History of injection drug use strongest risk factor

TUESDAY, May 16 (HealthDay News) -- The prevalence of antibodies to the hepatitis C virus (anti-HCV) in the United States was 1.6 percent in 1999-2002, the equivalent of an estimated 4.1 million Americans, according to a study in the May 16 issue of the Annals of Internal Medicine.

Gregory L. Armstrong, M.D., of the U.S. Centers for Disease Control and Prevention in Atlanta, and colleagues studied 15,079 participants in the National Health and Nutrition Examination Survey between 1999 and 2002. Participants were tested for anti-HCV and HCV RNA, and their serum alanine aminotransferase (ALT) levels were also measured. Those aged 20 to 59 years provided histories on drug use and sexual practices.

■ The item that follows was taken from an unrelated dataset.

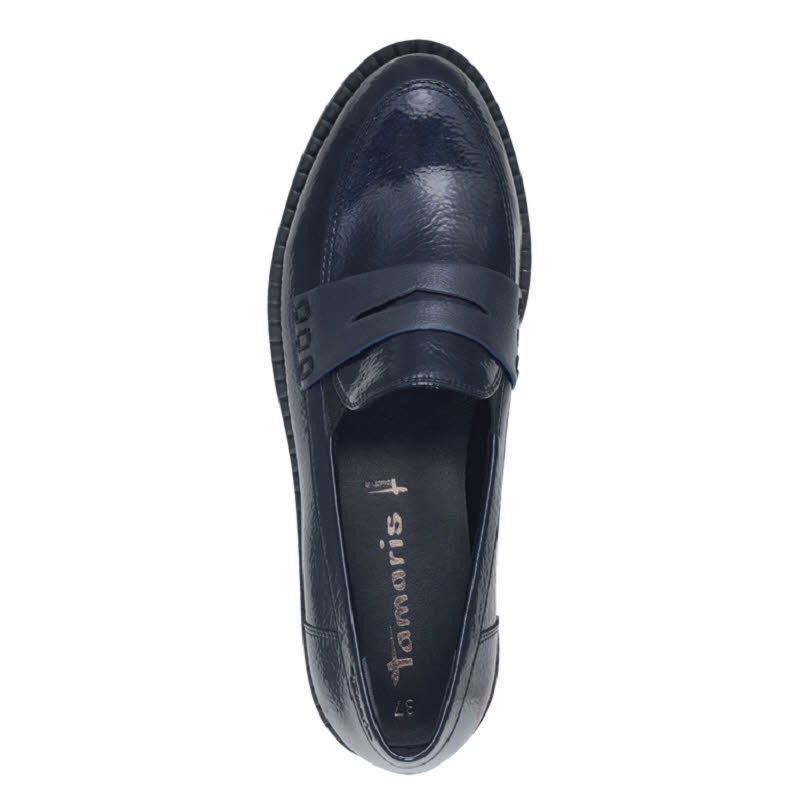 Tamaris Women Slip-on Damen Slipper Modeschuhe navy patent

Between 3.4 million and 4.9 million people in the United States, or about 1.6 percent, are estimated to be anti-HCV positive, while 3.2 million people are estimated to have chronic HCV infection. Among anti-HCV-positive participants aged 20 to 59, 48.4 percent reported a history of injection drug use, though 83.3 percent of them had not used drugs for at least 12 months before the survey. Other significant risk factors included 20 or more lifetime sex partners, as well as having had a blood transfusion prior to 1992.

"Abnormal serum ALT level, any history of injection drug use and history of blood transfusion before 1992 -- identified 85.1 percent of HCV RNA-positive participants between 20 and 49 years of age," the authors write.